A. We have two people contesting in Colombo, three in Nuwara Eliya, two in Badulla, one in Kandy, one in Gampaha, two in Rathnapura and Kegalle. We expect at least eight members of our TPA to enter parliament. We have a lot of confidence that we will be able to secure the expected number of seats. We will make a huge impact on increasing UNP votes in the upcountry regions. This time, Thondaman is contesting under the UPFA but, since we are there as his opponents, we will be able to secure majority of votes in favour of the UNP without much difficulty.
Q. You have also been a minister during the interim government. Do you think the government managed to fulfil the promises they made during the 100 days?
A. Definitely. Since the time the upcountry people migrated to Sri Lanka from India, they have not had proper houses for shelter. During the interim period, I spent funds to build 377 houses. 300 houses have already been completed. I handed over the completed houses to the people last month. For the first time in history, measures were taken to build their houses in order to uplift their living conditions. All this time, their needs had been neglected. That was done under my purview. The government has implemented whatever the tasks that were possible. Within a short period of time, everything could not be done. However, many tasks were completed. For example, executive powers of the president have been reduced, cost of living was brought down as a result of reduced prices and relief given to the people, and the police department has been made independent. During the Mahinda Rajapaksa regime, he had his own police whereas now the Sri Lankan police functions independently. When Thondaman was in power, even in the Nuwara Eliya district, the police did not accept any of our complaints. Now, everybody is treated equally.
Besides, during the interim period, the UNP did not have the majority in parliament and, therefore, they did not have the power to see to the necessary changes. The opposition did not allow it. Therefore, once a stable UNP government is established after the August election, the President and the Prime Minister Ranil Wickremasinghe will have to join forces and implement what could not be implemented during that period.
Q. Estate workers have continued to suffer due to poor wages. Recently, a trade union action demanded an increase in their salary. If you come in to power, how do you expect to address their issues?
A. The government cannot quite intervene in this problem. There are two sides. The unions deal with the issue. Even when I was with the government, we could not do much to address this issue through the budget. My idea is that neither companies nor people should experience any loss. People should be given better wages but, when encouraging that, if the companies experience loss, then, that will affect the national economy. That balance is very difficult to maintain.
Q. What is the focus of the TPA campaign at the upcoming election?

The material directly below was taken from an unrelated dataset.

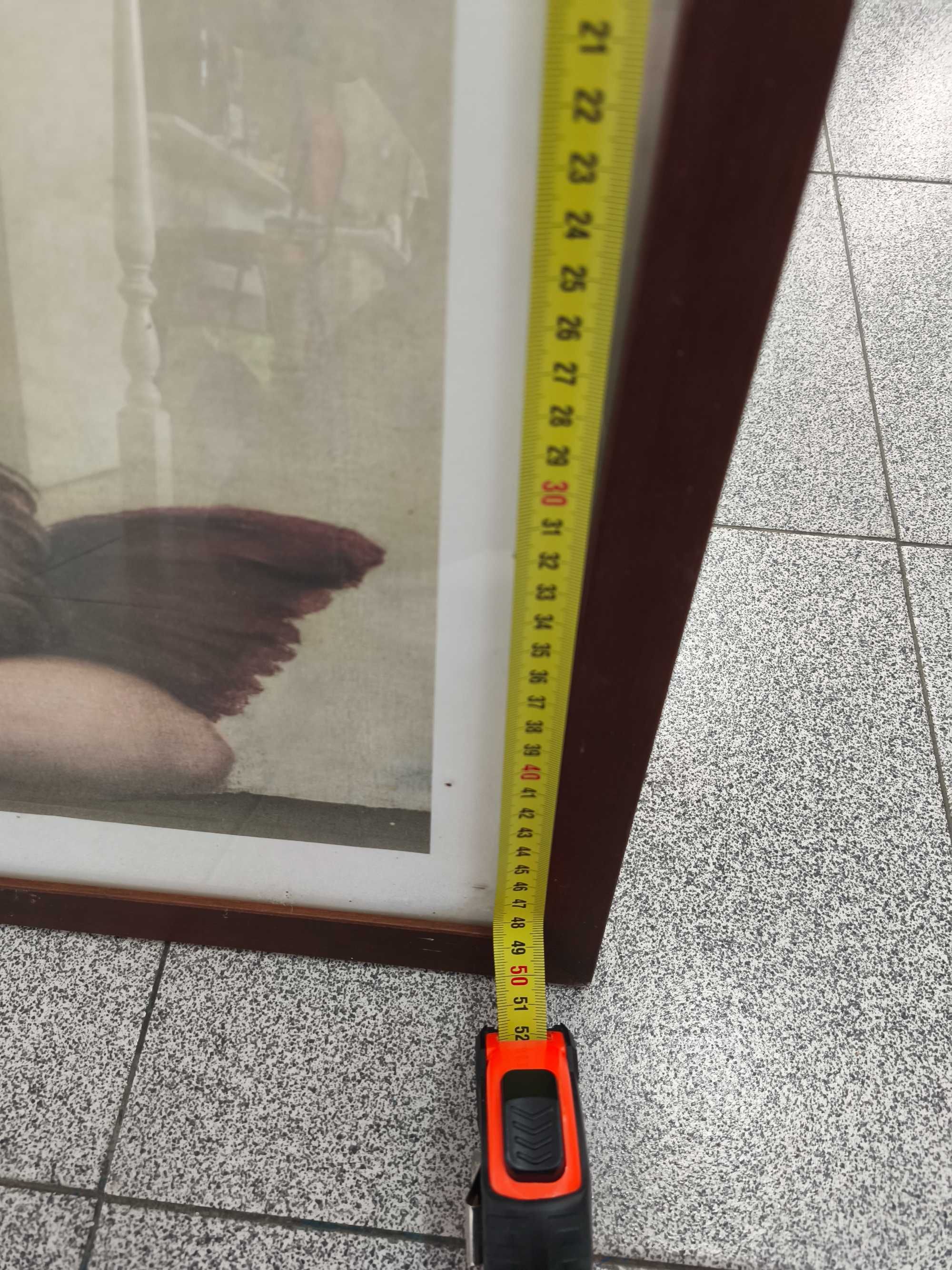 Quadro os Dois Querubins de Rafael Sanzio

A. President Sirisena believes in ethnic harmony. He will not trouble the ethnic minority in the country. He is not an extreme nationalist or a racist like Rajapaksa. The minority favours President Sirisena as well as the UNP. If a mandate is given to the UNP to develop the country under President Sirisena as the leader of the country, Sri Lanka can be developed in terms of economy, infrastructure, education and health. A country cannot be developed only by constructing highways and roads. Development needs more insight.
Anybody can take loans for higher interest rates and lay carpet on the roads. If the UNP government is given the opportunity, a five years period is enough to do the necessary development. They cannot develop a country without the minority. We have to join forces and rise together as a nation. At present, even the international community praises the president whereas, during the previous regime, the former president did not manage to maintain cordial relationships with the international community.
Those days, there were extremist groups like Bodu Bala Sena (BBS) attacking Muslims and Tamils in the country. Now, we do not experience any of those. If Rajapaksa continues to talk about Sinhala extremism, it will take him towards his downfall. It will be his defeat. I am sure this time UNP will have a landmark victory in Nuwara Eliya, with my support.